▶ Assignment: Find the line with "Welcome back to my channel" in the records below, then please transcribe it and every later line exactly, omitting the pictures and adding nothing.

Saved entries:

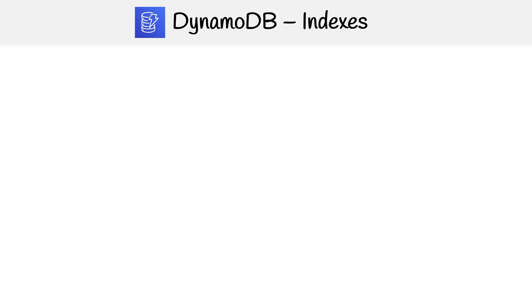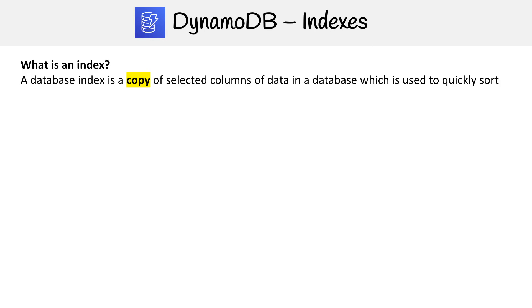So in DynamoDB, there is the concept of indexes, and indexes are extremely common with databases. A database index is a copy of selected columns of data in a database, which is used to quickly sort. So it's just when you need to quickly look up information, you're literally cloning a version of your database.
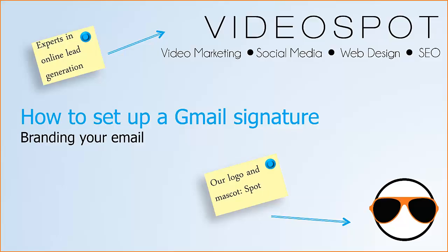Hello, welcome to another video tutorial by VideoSpot. Today we're going to be looking at how to set up a Gmail signature, so a branded signature in your email using the Gmail interface. So let's go ahead and take a look at how we can do that.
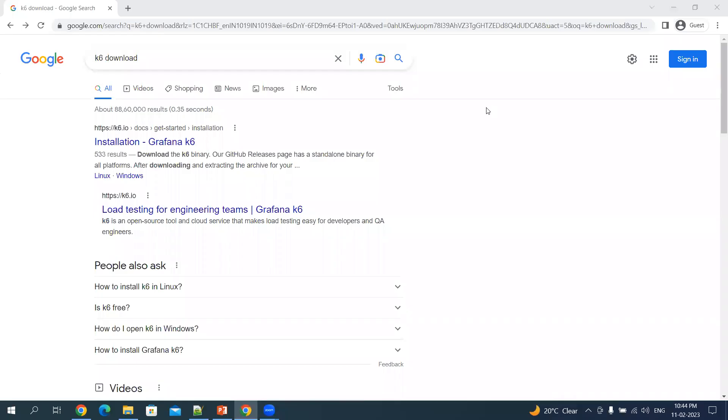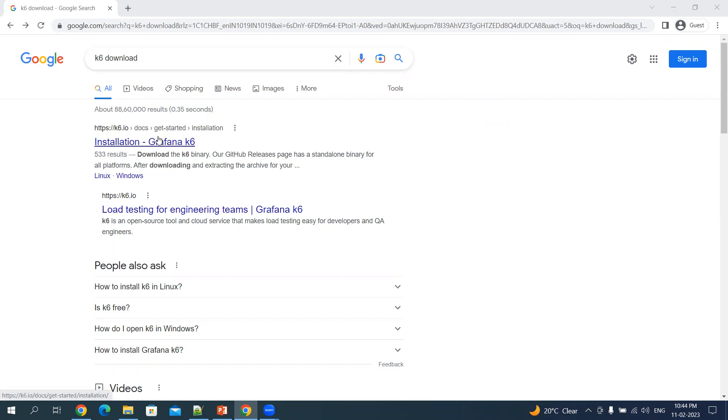Welcome back to my YouTube channel. Today we will be looking into how to install k6 on your machine. Let's Google k6 download. The first link will be the installation page which we need to visit.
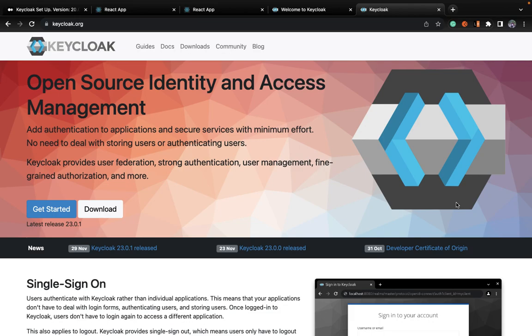Welcome back to my channel KT from KT. Today we are diving into the world of single sign-on and we will be implementing it with the help of Keycloak. SSO is a very powerful authentication mechanism that allows users to log in once and access multiple applications seamlessly.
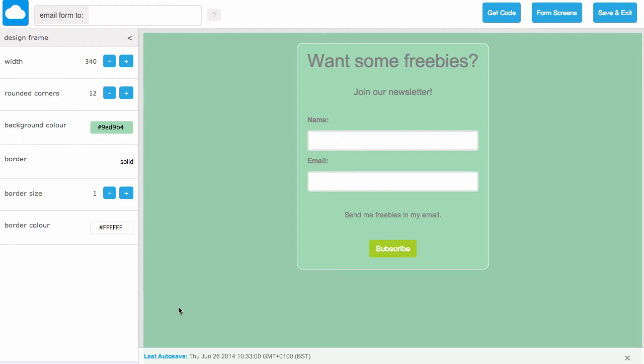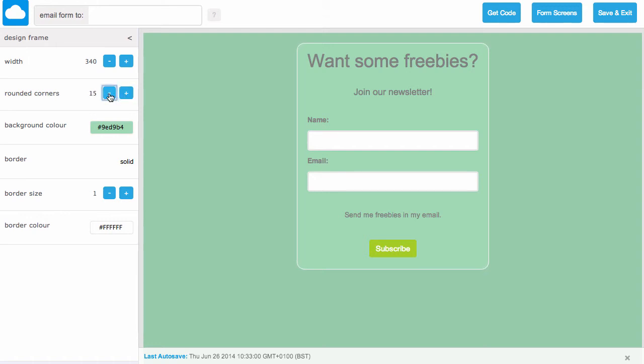On top of that, we can also give our design frame box rounded corners. As we can see on this example here we've already got rounded corners. If we use the rounded corners button here, we can decrease and increase, adjusting the rounded corners of our box.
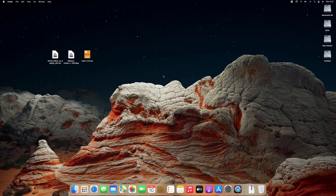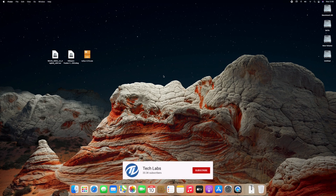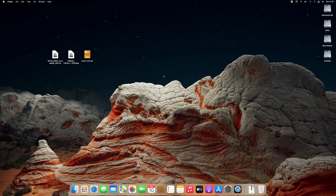Hello guys, today I'm here with a new tutorial, and in this video I'm gonna show how to create Windows 10 bootable USB on Mac. So before starting, if you haven't subscribed to our channel, then please go and subscribe to our channel and stay connected for latest updates. So guys let's start.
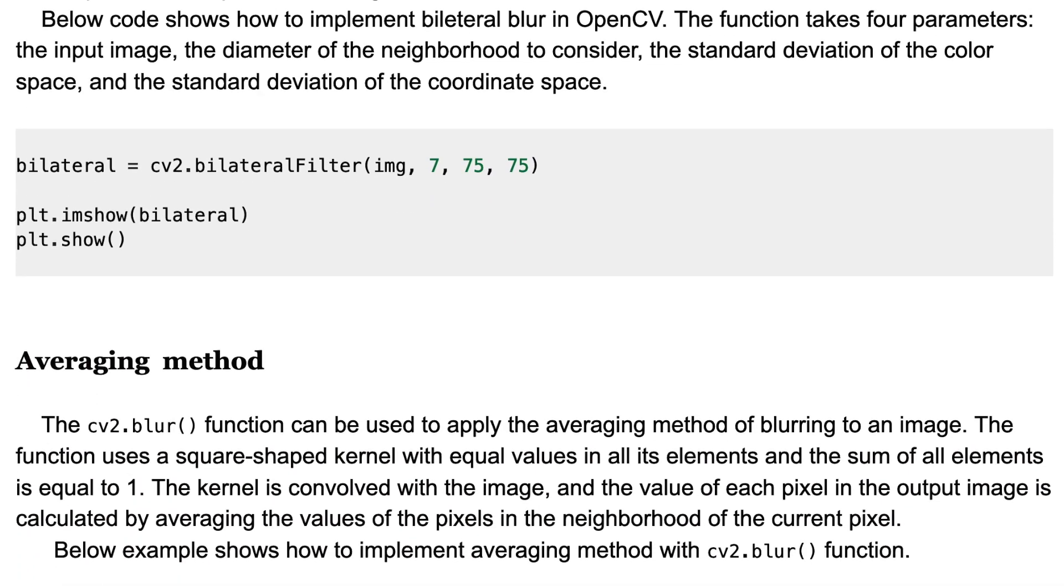The next one is averaging method. The Blur function can be used to apply the averaging method of blurring to an image. The function uses a square-shaped kernel with equal values in all its elements and the sum of all elements is equal to one.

▶ Reply to the task:
Welcome back to my channel KT from KT. Today we are diving into the world of single sign-on and we will be implementing it with the help of Keycloak. SSO is a very powerful authentication mechanism that allows users to log in once and access multiple applications seamlessly.
On top of that, we can also give our design frame box rounded corners. As we can see on this example here we've already got rounded corners. If we use the rounded corners button here, we can decrease and increase, adjusting the rounded corners of our box.
Hello guys, today I'm here with a new tutorial, and in this video I'm gonna show how to create Windows 10 bootable USB on Mac. So before starting, if you haven't subscribed to our channel, then please go and subscribe to our channel and stay connected for latest updates. So guys let's start.
The next one is averaging method. The Blur function can be used to apply the averaging method of blurring to an image. The function uses a square-shaped kernel with equal values in all its elements and the sum of all elements is equal to one.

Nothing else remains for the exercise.